Work to complete —
Take the line containing "Homzora - Homzora" and every line below it through the end of the entries, and output them verbatim, pictures excluded.
[Opening Records supplied section]
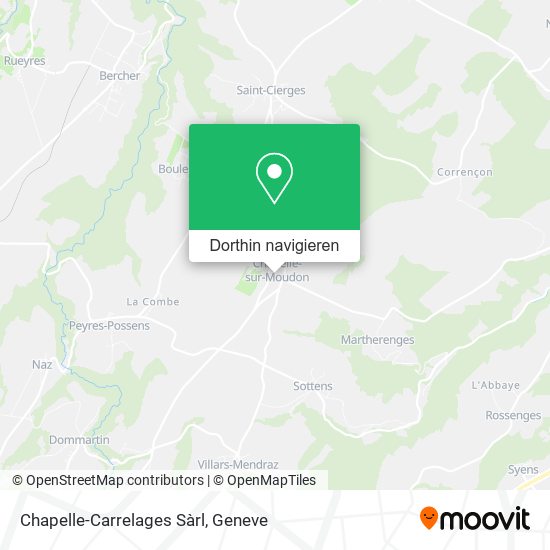 Chapelle-Carrelages Sàrl Karte
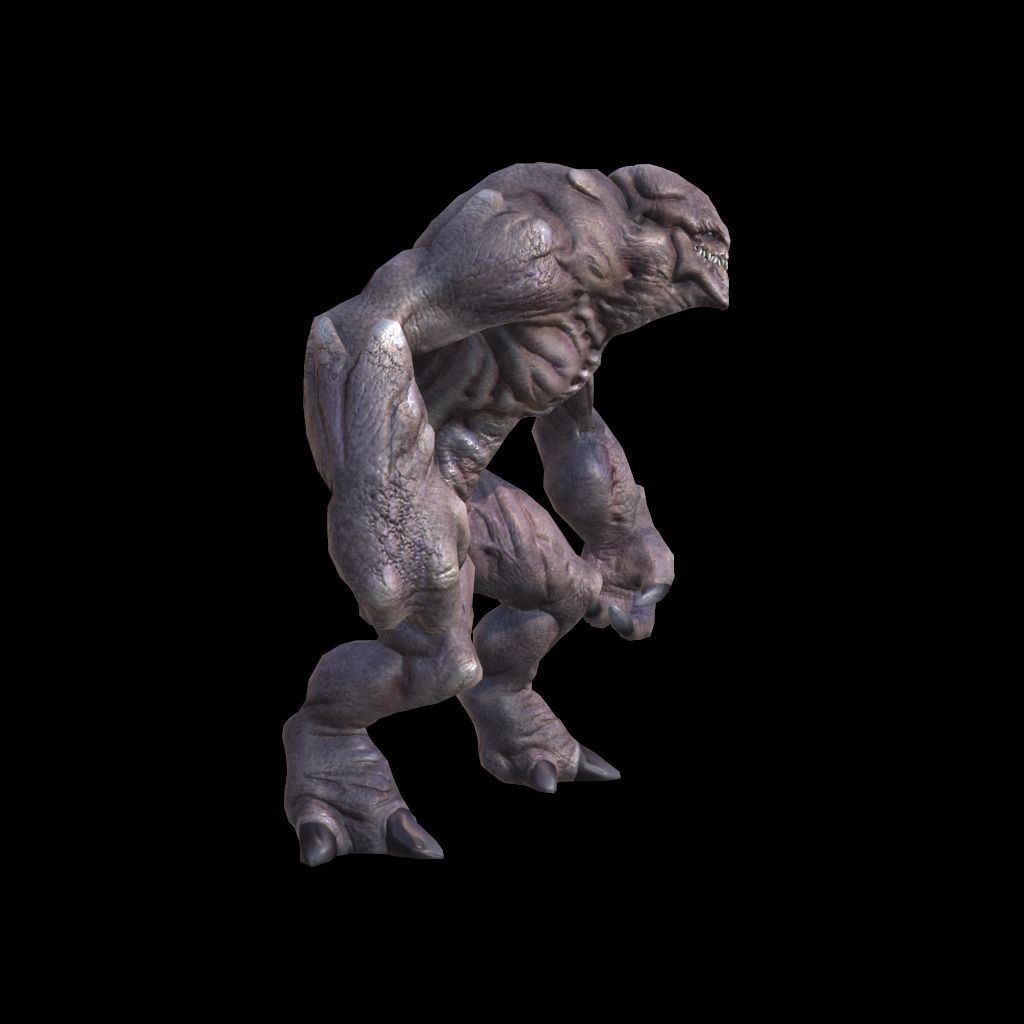 Creature Shell Low-poly 3D model_3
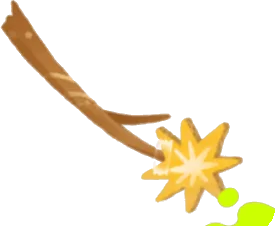 星が咲く木の枝の画像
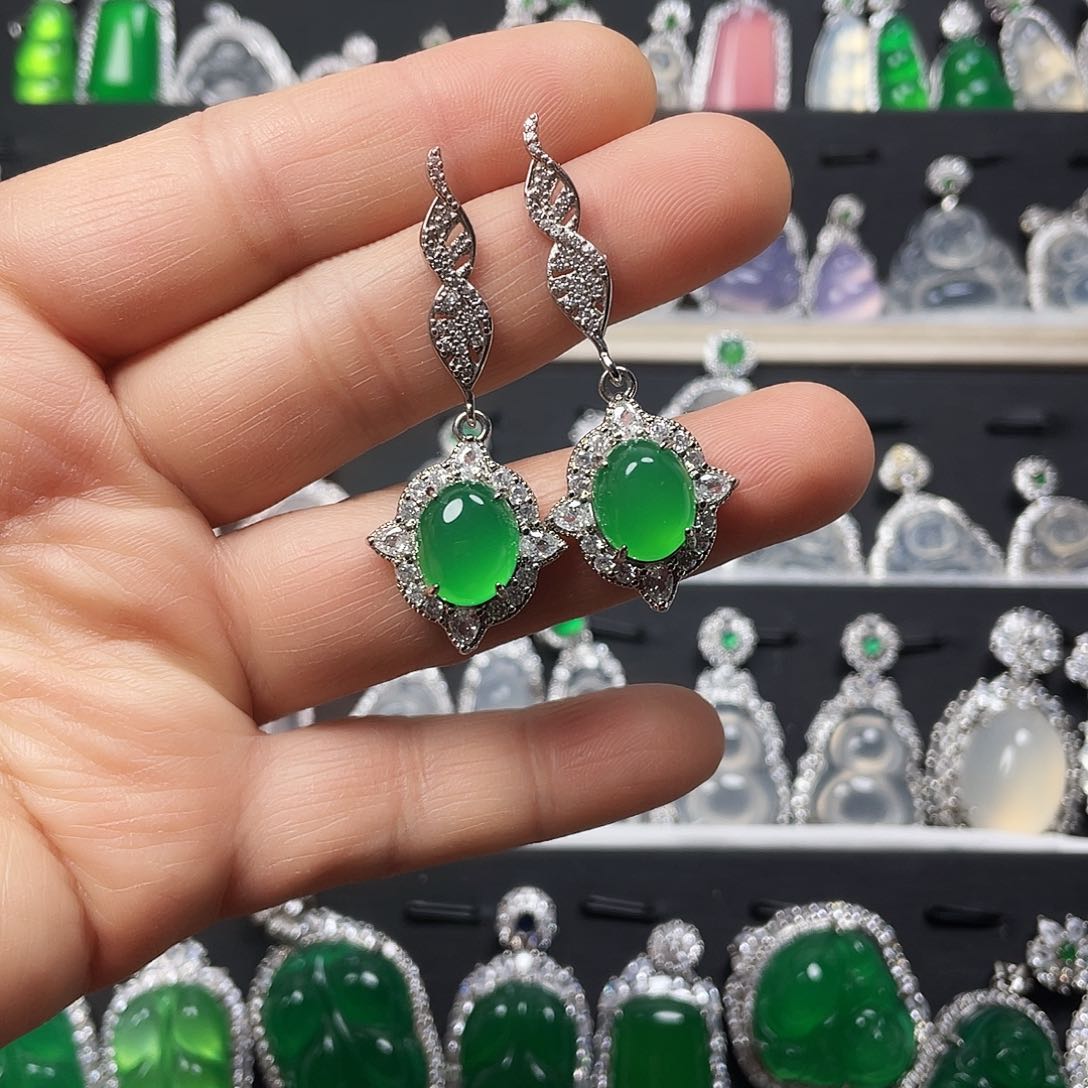 玛瑙/玉髓耳钉合金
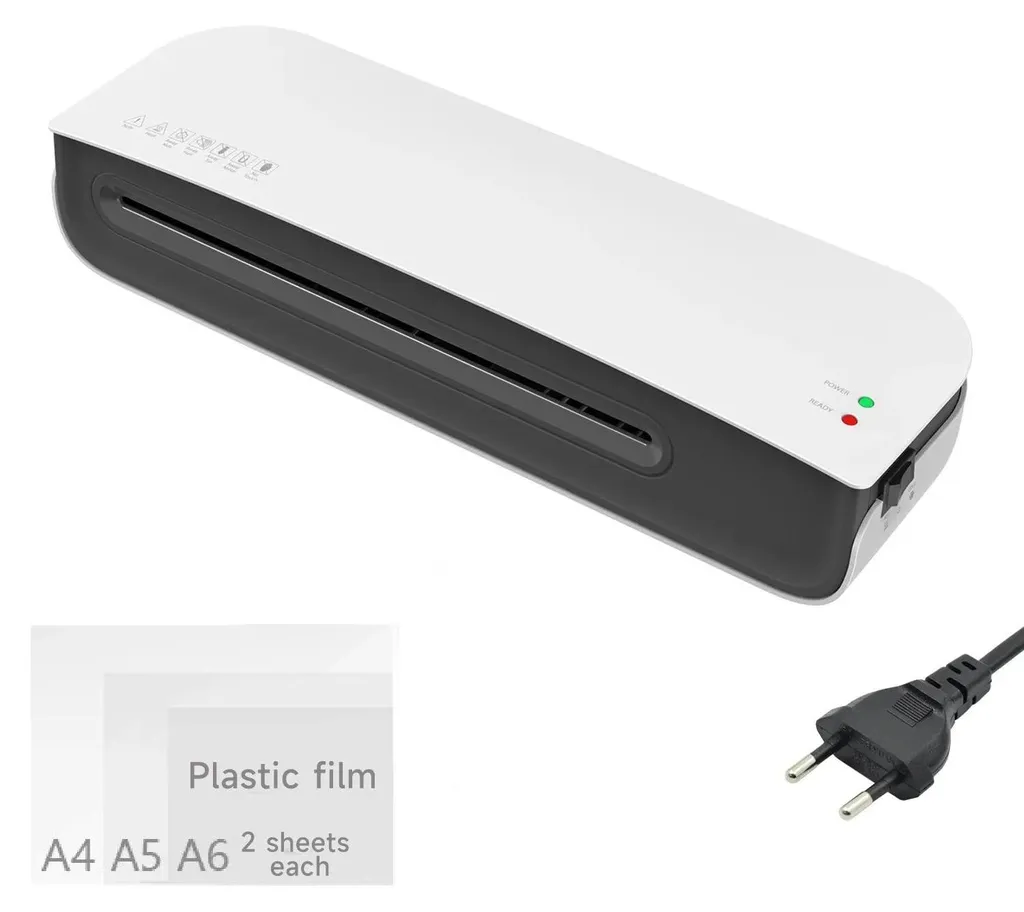 Plastifieuse A4 SL289 Blanche - Mode Chaud et Froid avec Pochettes Offertes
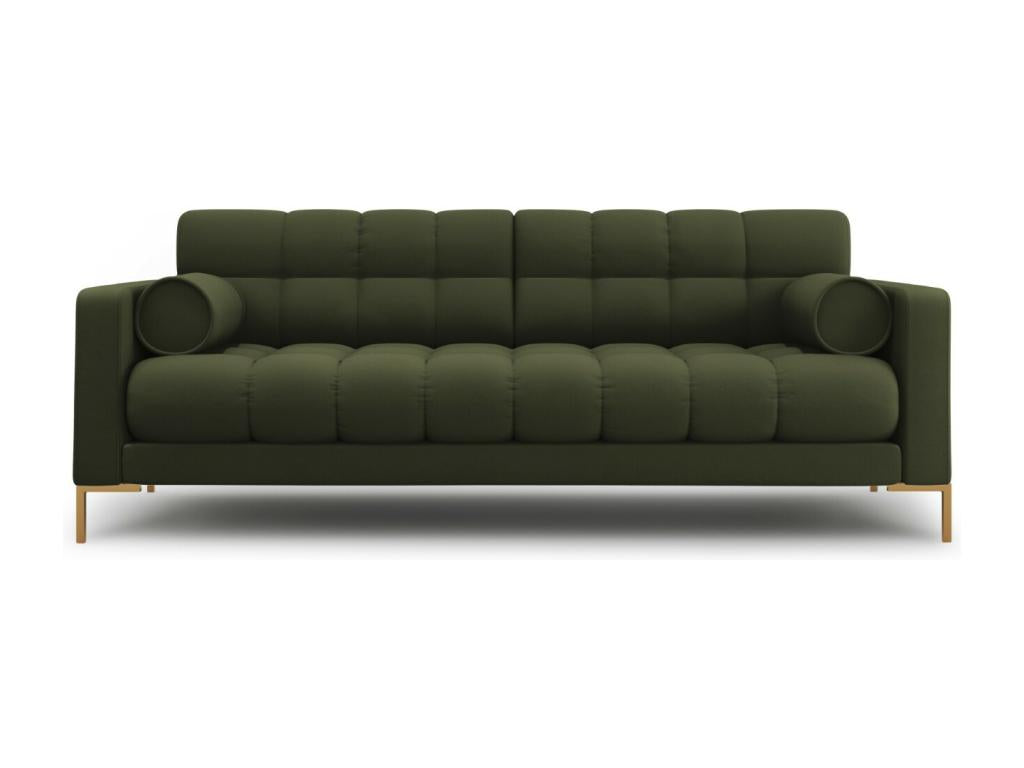 Homzora - Homzora 3-seater sofa in green structural fabric - 177x92x75cm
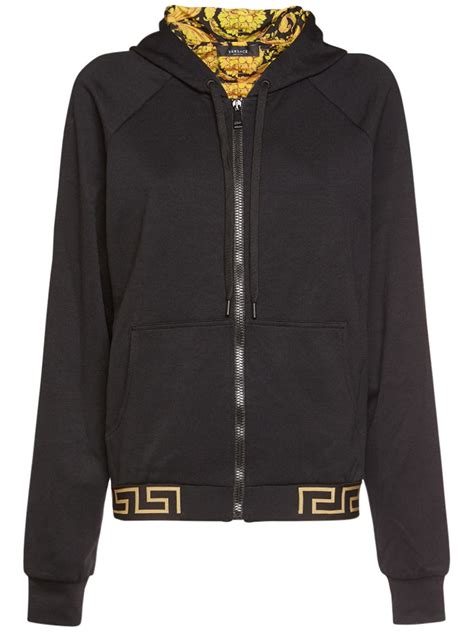 versace collection pullover damen|versace zip up hoodie.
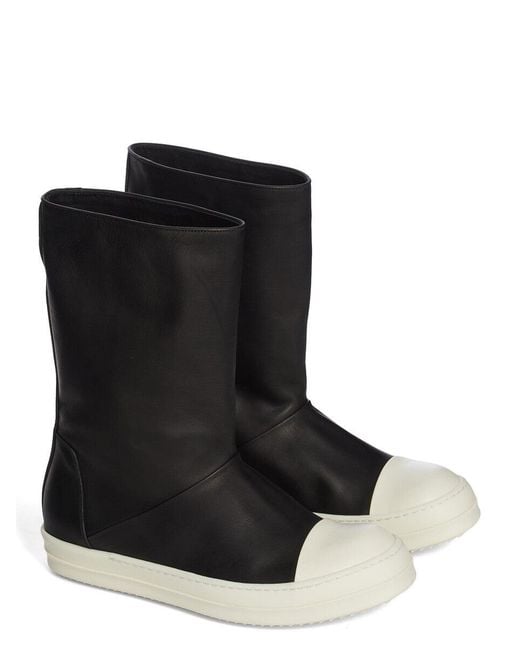 Rick Owens Black High Rubber-Sole Boots for men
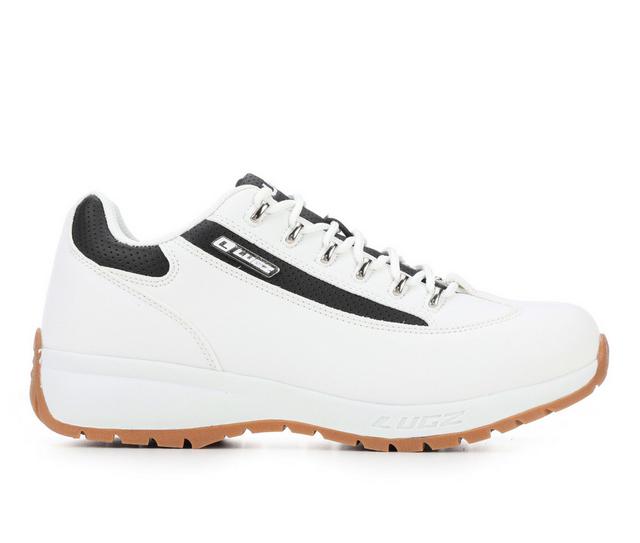 Men's Lugz Express Sneakers in White/Black/Gum color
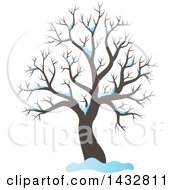 Poster, Art Print Of Bare Winter Tree And Snow
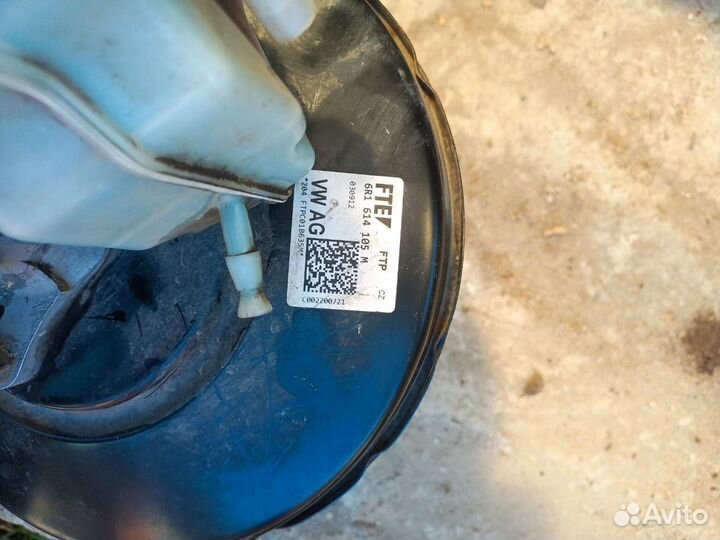 Вакуумный усилитель тормозов volkswagen polo 5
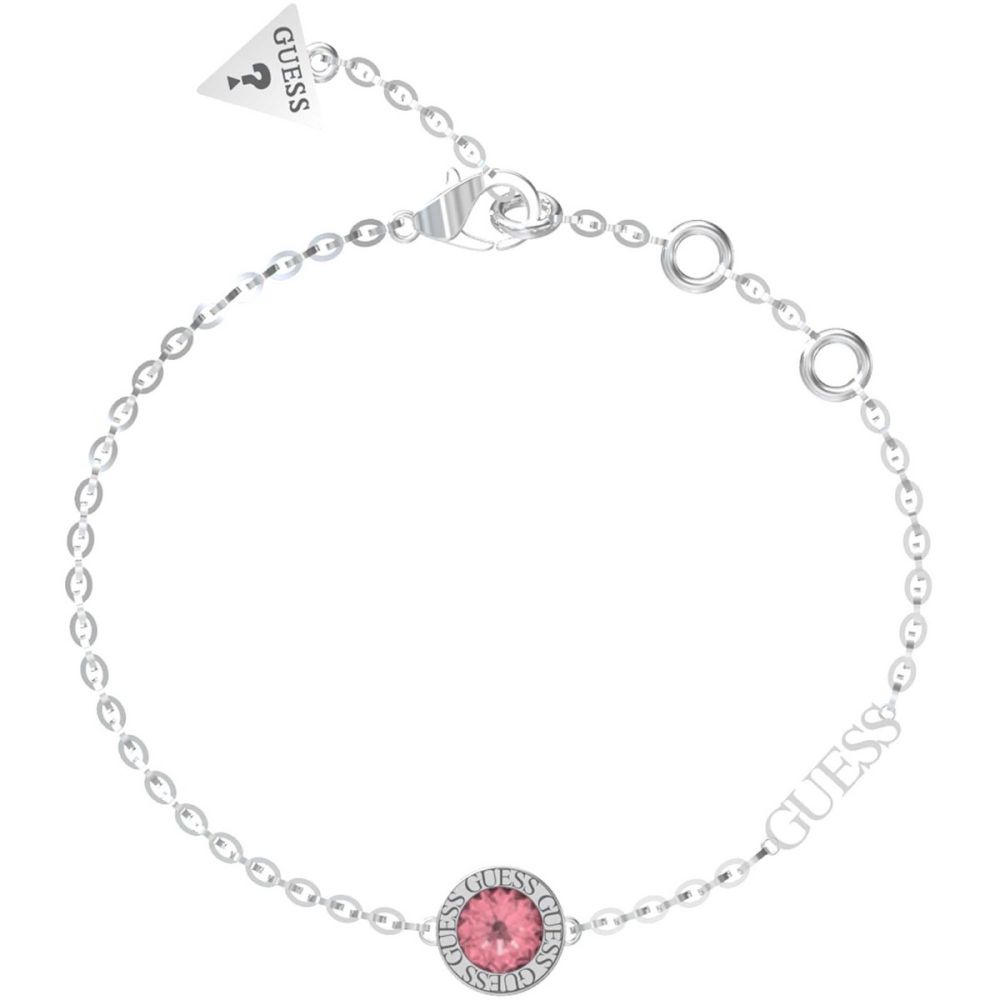 Guess Bracciale Donna Acciaio Cristallo Rosa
[Closing Records supplied section]
Reply to the task —
 Homzora - Homzora 3-seater sofa in green structural fabric - 177x92x75cm
 versace collection pullover damen|versace zip up hoodie.
 Rick Owens Black High Rubber-Sole Boots for men
 Men's Lugz Express Sneakers in White/Black/Gum color
 Poster, Art Print Of Bare Winter Tree And Snow
 Вакуумный усилитель тормозов volkswagen polo 5
 Guess Bracciale Donna Acciaio Cristallo Rosa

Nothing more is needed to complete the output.